The downtown area will include Founders Square, a lakefront park complete with splash fountains, shade structures, a band shell and lakefront boardwalks. A family-friendly, farm-totable restaurant will be the first building to go up on the square’s west side, joined by a discovery center with interactive tools to explore the community and learn about its sustainability initiatives, as well as Kitson & Partners offices. An outdoor outfitter store will provide anything residents and visitors need to explore the hiking and biking trails, or paddle across the freshwater lakes on a kayak or canoe.
There are five lakes in the downtown district alone, with 14 more in the larger plan. Gaspowered motorboats will not be permitted, but silent, electric boats are allowed.
Facing Founders Square from the south, a market cafe will sell coffee and ice cream, and a collaborative workspace called the Hatchery will rent office space to professionals while mingling and sharing ideas.
“Our hope is that a baby boomer and a millennial could both come and work next to each other and learn from each other,” said Babcock Ranch President Rick Severance.
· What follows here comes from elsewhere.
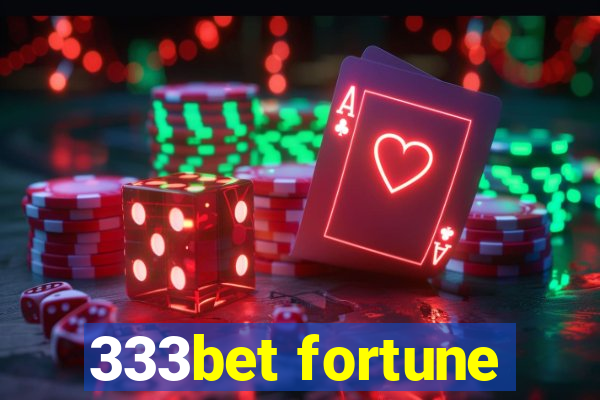 333bet fortune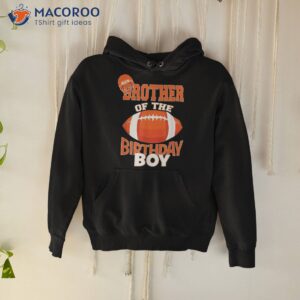 Brother Of The Birthday Boy American Football Kid Party Shirt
An education building will house advanced education courses being developed through a partnership with Florida Gulf Coast University, and a public STEM (science, technology, engineering and math) charter school for grades K-8 is expected to open next year with 60 to 80 students. The school will accept students from both Lee and Charlotte counties. More elementary, middle and high schools are planned throughout the community, but the charter school is available for the first young families moving in next year.
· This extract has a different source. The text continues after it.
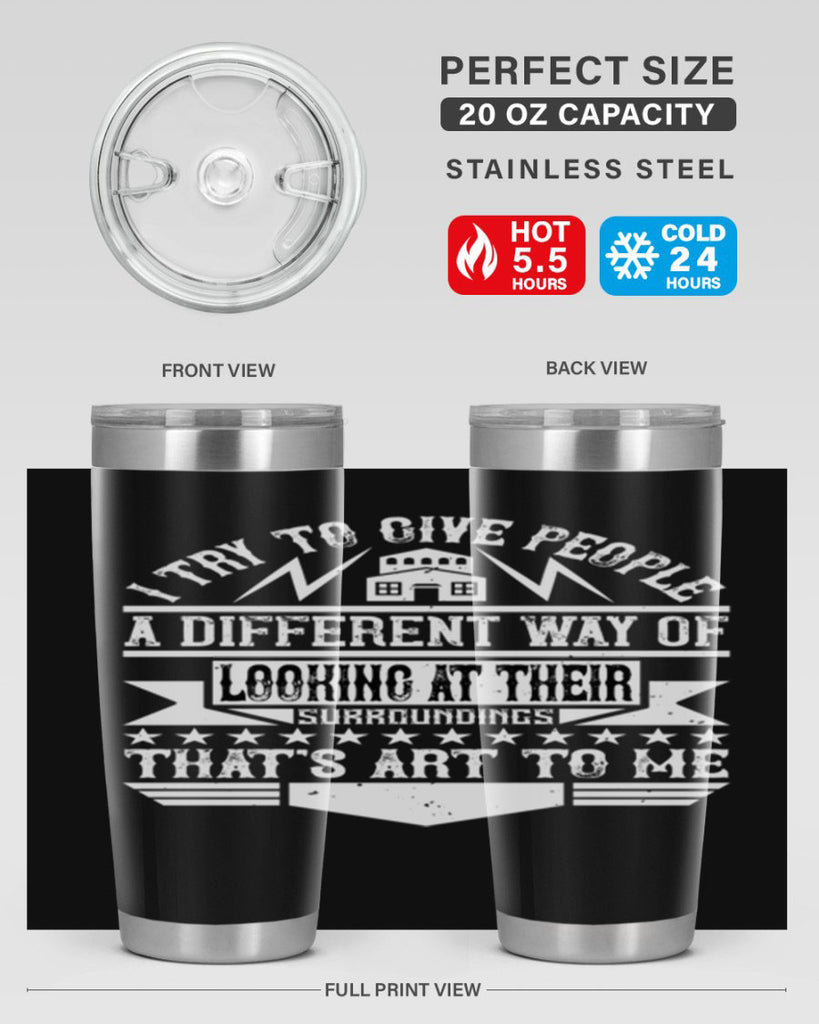 I try to give people a different way of looking at their surroundings Thats art to me Style 31#- architect- tumbler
A health and wellness center will stand on the east side of Founders Square, and every home and business in Babcock Ranch will be connected with a minimum of one gigabyte of fiber optic capacity by CenturyLink. All Founders Square buildings are being designed by Harvard Jolly Architects and constructed by Skanska.
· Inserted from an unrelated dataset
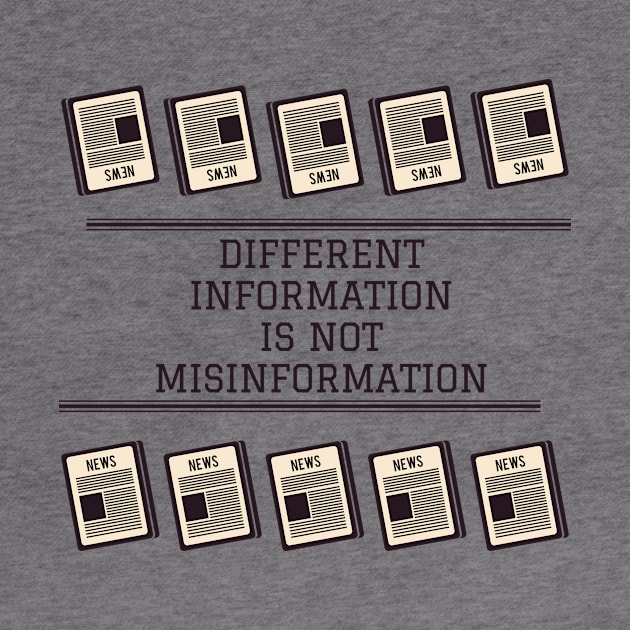 Misinformation versus Different Information by SnarkSharks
The first neighborhood, Lake Timber, will contain 1,100 homes. Five different builders are working on the neighborhood, with larger homes and smaller homes intermingling.
“We’re building a town, not a suburb,” said spokeswoman Lisa Hall.
Each neighborhood will connect to a trailhead, with 50 miles of trails running throughout the town and connecting to even more in the preserve. Neighborhoods will also be within walking distance of downtown to reduce the need for cars and parking garages. Public transportation will include autonomous vehicles. Kitson & Partners is working with the Research Lab at the University of Central Florida and is in the process of finding a partner.
Residential construction is set to begin in August, with the first residents moving in early next year. Already, many people are interested and waiting for the chance to close on a home, Hall said.
Severance said price points will vary, since the founders hope to draw a diverse, intergenerational population. The first houses range from the upper $200,000s to $900,000s, but national builders could offer prices as low as $175,000 to $190,000.
Thomas Hoban, Kitson & Partners president and chief investment offer, said the sustainable technology efforts should reduce costs to residents, and the amenities are considerable.
“We’re hoping to provide a higher-quality lifestyle at a lower cost,” Hoban said.
Kitson said he is aware that those already living near Babcock Ranch are concerned that the new town will disrupt their way of life, which is why Kitson & Partners has been careful about development around the town’s edges and preserved 90 percent of the original ranch by giving 80 percent to the state and building on only half of its allotted 20 percent.
“At the end of the day, our goal is for them to be a part of it all,” Kitson said.
The town will be open to anyone to come in, and he hopes the town’s rural neighbors will visit to enjoy the trails and lakes, eat at the restaurants, get ice cream, or see a concert.
“It would be the biggest compliment if they said, ‘You know, this turned out pretty good, and our way of life is not impacted,’” Kitson said.